** What to work on **
Make an exact copy of the lines from the one holding "Recap: Nike Playmakers" through the end of the entries below, both ends kept, and of nothing else. Exclude pictures.

********************

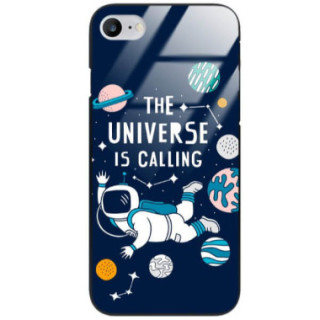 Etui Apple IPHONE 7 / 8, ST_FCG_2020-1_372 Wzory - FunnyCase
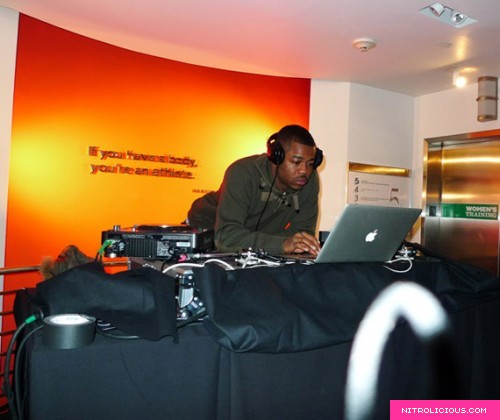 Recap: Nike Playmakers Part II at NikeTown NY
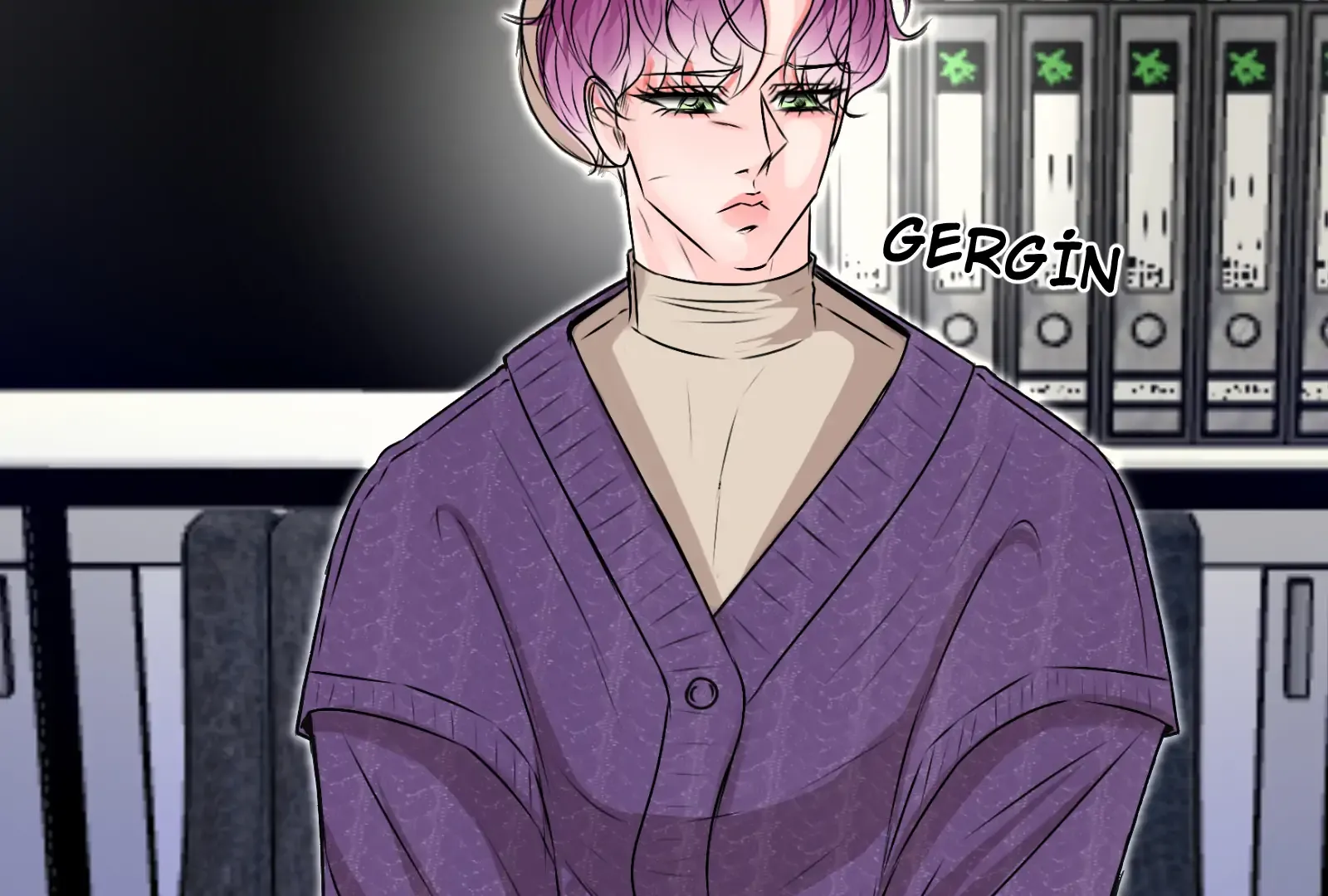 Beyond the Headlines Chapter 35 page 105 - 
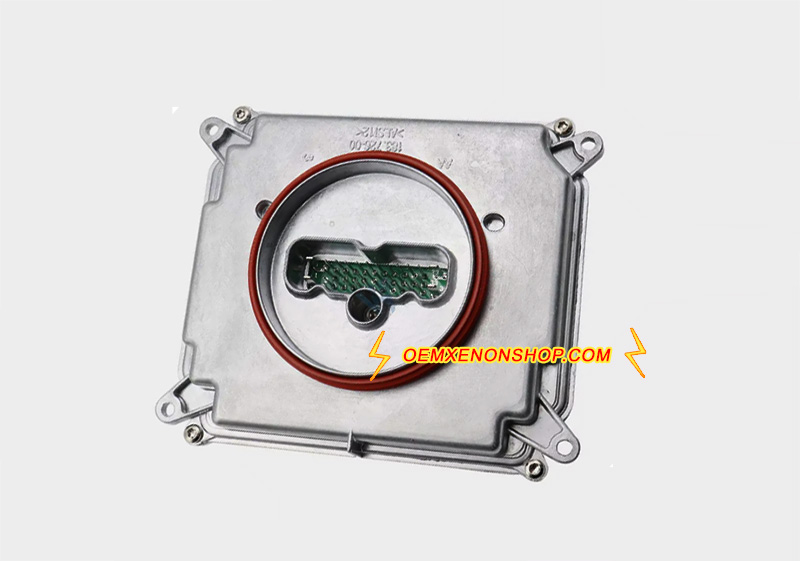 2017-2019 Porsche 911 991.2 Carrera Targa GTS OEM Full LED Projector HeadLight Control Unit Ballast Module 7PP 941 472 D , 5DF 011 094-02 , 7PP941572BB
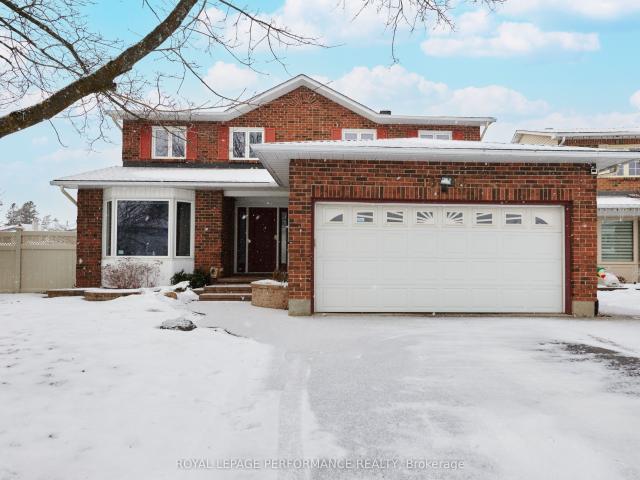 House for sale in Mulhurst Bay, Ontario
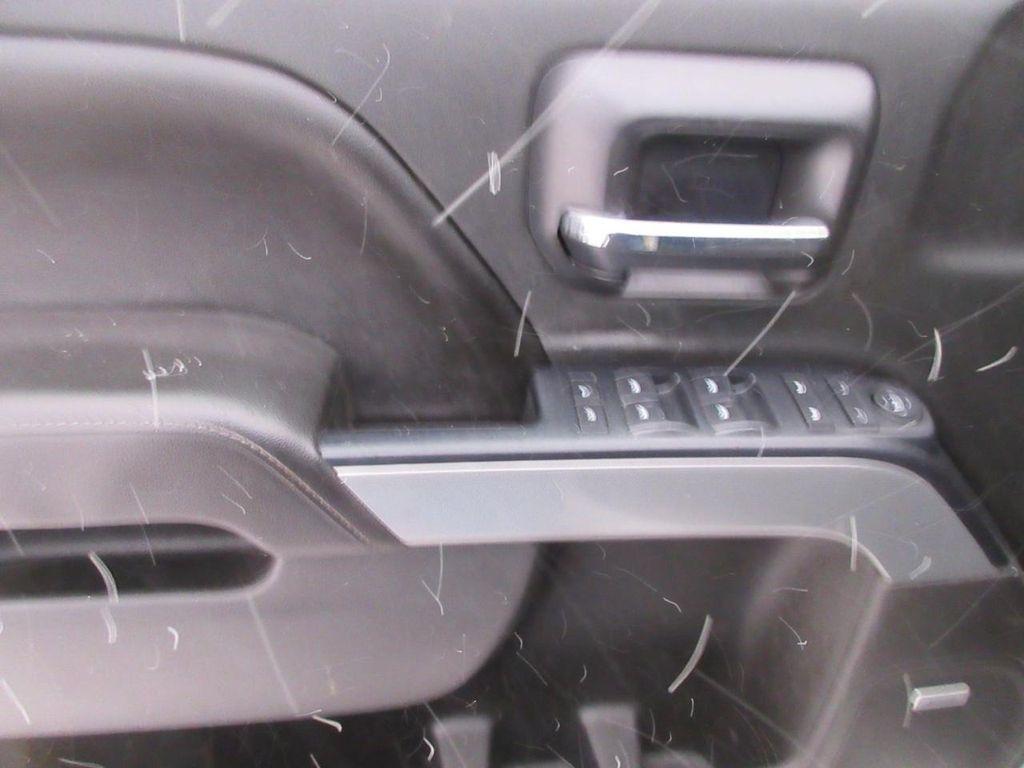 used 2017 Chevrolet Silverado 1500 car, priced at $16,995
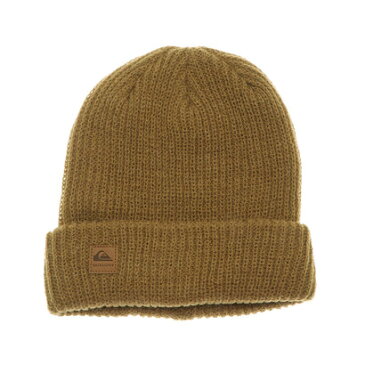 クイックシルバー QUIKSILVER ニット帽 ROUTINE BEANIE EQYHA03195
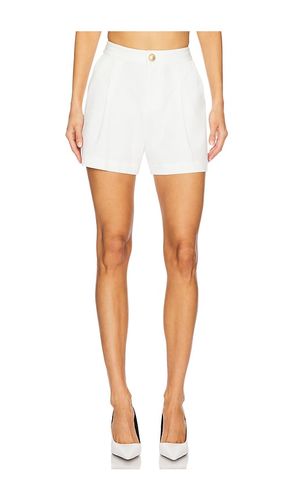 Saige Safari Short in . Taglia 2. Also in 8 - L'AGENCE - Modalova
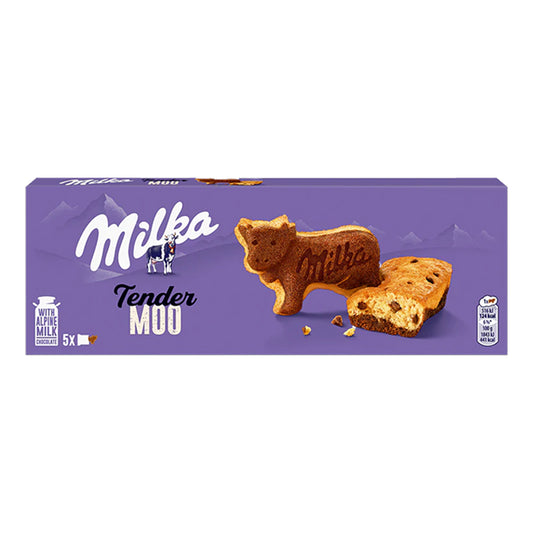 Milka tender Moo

********************

** Written solution **
 Recap: Nike Playmakers Part II at NikeTown NY
 Beyond the Headlines Chapter 35 page 105 - 
 2017-2019 Porsche 911 991.2 Carrera Targa GTS OEM Full LED Projector HeadLight Control Unit Ballast Module 7PP 941 472 D , 5DF 011 094-02 , 7PP941572BB
 House for sale in Mulhurst Bay, Ontario
 used 2017 Chevrolet Silverado 1500 car, priced at $16,995
 クイックシルバー QUIKSILVER ニット帽 ROUTINE BEANIE EQYHA03195
 Saige Safari Short in . Taglia 2. Also in 8 - L'AGENCE - Modalova
 Milka tender Moo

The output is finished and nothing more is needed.